Een ontwerpbesluit wordt voor een ieder gedurende zes weken ter inzage gelegd op het kantoor van het waterschap en is in te zien op de website van het waterschap.
Ingezetenen en belanghebbenden, die in hun zienswijze daarom hebben verzocht, worden door het college van dijkgraaf en heemraden in de gelegenheid gesteld hun zienswijze mondeling toe te lichten, tenzij een dergelijk verzoek kennelijk onredelijk is.
De Inspraakverordening Waterschap Vallei & Eem 2012, vastgesteld door het algemeen bestuur van Waterschap Vallei & Eem op 25 januari 2012, alsmede de Inspraakverordening Waterschap Veluwe, vastgesteld op 15 oktober 2005 door het algemeen bestuur van Waterschap Veluwe en laatst gewijzigd bij besluit van 28 april 2010, worden ingetrokken met ingang van de dag, volgend op de dag van bekendmaking van deze verordening.
Aldus vastgesteld in de openbare vergadering van het algemeen bestuur van 27 februari 2013.

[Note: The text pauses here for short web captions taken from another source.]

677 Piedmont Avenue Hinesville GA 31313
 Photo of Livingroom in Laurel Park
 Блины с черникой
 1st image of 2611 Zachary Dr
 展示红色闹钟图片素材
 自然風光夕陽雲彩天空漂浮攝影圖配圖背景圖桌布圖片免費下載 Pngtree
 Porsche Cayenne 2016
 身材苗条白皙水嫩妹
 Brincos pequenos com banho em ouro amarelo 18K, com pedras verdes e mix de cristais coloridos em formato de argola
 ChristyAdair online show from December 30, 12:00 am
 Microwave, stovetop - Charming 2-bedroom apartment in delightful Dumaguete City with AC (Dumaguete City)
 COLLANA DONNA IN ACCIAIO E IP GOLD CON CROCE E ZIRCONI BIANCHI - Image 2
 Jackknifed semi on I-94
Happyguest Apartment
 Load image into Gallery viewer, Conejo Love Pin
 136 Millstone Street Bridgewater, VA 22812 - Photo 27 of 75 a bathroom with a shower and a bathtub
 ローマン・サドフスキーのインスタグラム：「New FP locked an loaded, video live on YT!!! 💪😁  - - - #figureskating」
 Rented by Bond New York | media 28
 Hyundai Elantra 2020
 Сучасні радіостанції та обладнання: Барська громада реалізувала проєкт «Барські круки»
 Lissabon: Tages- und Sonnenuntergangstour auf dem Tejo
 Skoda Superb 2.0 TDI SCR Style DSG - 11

mr. G.P. Dalhuisen ir. G. Verwolf
secretaris dijkgraaf
Toelichting bij de Inspraakverordening Waterschap Vallei en Veluwe 2013
Artikel 79 van de Waterschapswet verplicht het algemeen bestuur van het waterschap tot het vaststellen van een inspraakverordening waarin regels worden gesteld met betrekking tot de wijze waarop ingezetenen bij de voorbereiding van het beleid van dat bestuur worden betrokken. In artikel 79, tweede lid van de Waterschapswet is bepaald dat de inspraak wordt verleend door toepassing van afdeling 3.4 van de Algemeen wet bestuursrecht (Awb), voorzover in de verordening niet anders is bepaald.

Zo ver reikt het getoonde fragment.